= Science fiction opera =

Opera using a science fiction setting

Science fiction opera is a subgenre of science fiction. It refers to operas whose subject-matter fits in the science fiction genre. Like science-fiction literature, science-fiction operas may be set in the future and involve spaceflight or alien invasion. Other science-fiction operas focus on a dystopian view of the future. Like Lorin Maazel's opera 1984, they may be based on a previously written science fiction book.

==List of science fiction operas==
The following is a partial list of science fiction operas.

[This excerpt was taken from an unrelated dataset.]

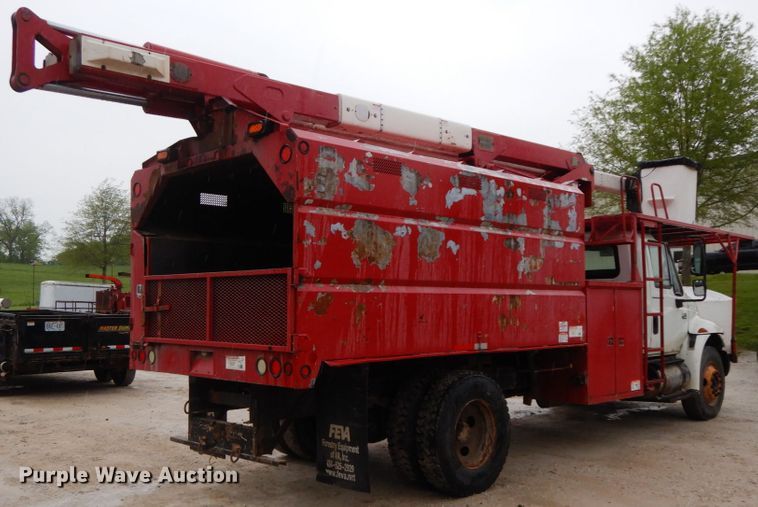 image for item IL9335 2007 International 4300  forestry bucket truck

- Karl-Birger Blomdahl (1916–1968): Aniara (based on the poem of that name by Harry Martinson)
- Viktor Ullmann (1898–1944): The Emperor of Atlantis
- Eef van Breen (born 1978) ’u’, the first opera in Klingon
- Gavin Bryars (born 1943): Doctor Ox's Experiment (based on the book by Jules Verne)

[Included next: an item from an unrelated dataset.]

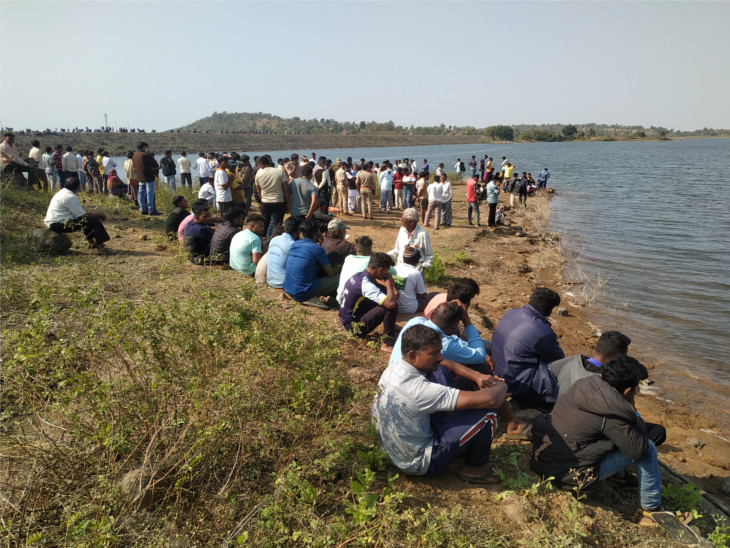 परिवार के सदस्य पालतू जानवरों को पकड़ने के लिए संभालते हैं।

- Søren Nils Eichberg (born 1973): Oryx and Crake (based on the novel by Margaret Atwood)
- Philip Glass (born 1937): The Making of the Representative for Planet 8 and The Marriages Between Zones Three, Four and Five (based on the books by Doris Lessing), 1000 Airplanes on the Roof, and The Voyage
- Joseph Haydn (1732–1809) Il mondo della luna (The World of the Moon), 1777
- Leoš Janáček (1854–1928): The Makropulos Affair (based on the play by Karel Čapek), premiered 1926; and The Excursions of Mr. Brouček to the Moon and to the 15th Century (1920)
- Karel Janovický (b 1930): The Utmost Sail (1958) a one act opera inspired by the launch of the satellite Sputnik in 1957. It concerns the crew of a space ship flying into space and watching the Earth being consumed in a nuclear holocaust.

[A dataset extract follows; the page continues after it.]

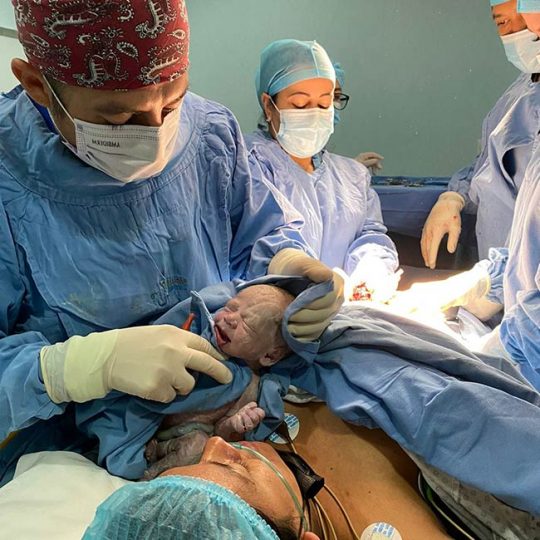 Mostrando a recién nacido a su madre durante el parto.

- Lorin Maazel (1930–2014) 1984 (based on the book by George Orwell)
- Tod Machover (born 1953) Valis (1987) (based on the novel VALIS by Philip K. Dick)
- Gian Carlo Menotti (1911–2007) A Bride from Pluto (1982) and Help, Help, the Globolinks! (1968)
- Jacques Offenbach (1819-1880) Le voyage dans la lune (based on the book De la terre à la lune by Jules Verne), premiered 1875.
- Poul Ruders (born 1949) The Handmaid's Tale (based on the book of that name by Margaret Atwood)
- Howard Shore (born 1946): The Fly (based on David Cronenberg's 1986 film)
- Karlheinz Stockhausen (1928–2007) Licht (based on The Urantia Book)
- Steven Andrew Taylor's Paradises Lost after a short story from Ursula K. Le Guin's collection The Birthday of the World
- Michael Tippett's New Year (1989), which features a spaceship and time travelers from the future.